How do I force a page to generate a pagefault on next access?

216 Views Asked by At

I am trying to develop a routine using SVE. SVE provides fault-avoiding loads which do not load from memory that would lead to a fault if accessed. As the CPU does not know the reason why a page is unmapped or inaccessible, it cannot distinguish between memory that would trigger an invalid page fault and memory that would trigger a major/minor page fault (which is usually transparent to the application).

SVE code using these instructions must thus be prepared for stray faults to be indicated and must retry the loads using non-faulting instructions if it requires the data after all. For example, consider a routine operating on NUL-terminated strings.

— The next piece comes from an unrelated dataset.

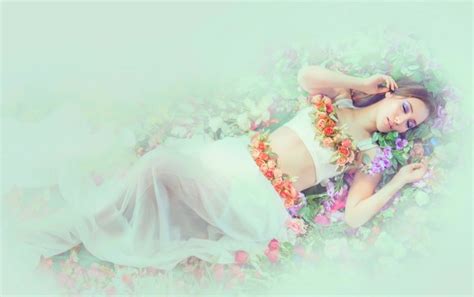 Flowers Model Woman Lying Coolwallpapers Me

A first-fault load is used to load a chunk of the string. If a fault was avoided only after a NUL character, everything is fine. But if that happened before a NUL character, we must retry the load with conventional load instructions as the string has been proven to cross into the faulting page.

If such “retry on avoided fault” paths are present in the code, they must be tested. However, it does not seem obvious to me how to prepare a page to fault (with major or minor page fault) on next access. If an all-zero page is acceptable, a possibility seems to be to just map a fresh anonymous page and make use of the kernel's lazy page allocation. However, this is not guaranteed or documented to cause the desired effect.

For arbitrary pages, the madvise system call has the MADV_PAGEOUT option, which seems like it might give the desired effect, but the man page does not document if the effect takes place immediately, and states that it might not affect certain pages. It is also unclear if the call works in the absence of swap space. Success/failure does not seem to be reported unambigously so it's unclear if a unit test can rely on this call. It would be quite bad for the unit test to silently pass due to the page not actually being unmapped when it runs.

What is the recommended course of action?

Also interested in responses for other operating systems (such as FreeBSD) and in particular also hardware-specific approaches, that may or may not be specific to ARM.

2

There are 2 best solutions below

0
On BEST ANSWER

The approach I ended up using was to allocate a page without read/write permissions. On first access, a SIGSEGV would occur, ensuring that the access failed. In the signal handler, I then permit access to the page and return, resuming the code under test.

While the performance of this code is likely worse than that of the approach suggested by Michael Karcher, the code clearly and obviously reaches the desired result which is more important to me.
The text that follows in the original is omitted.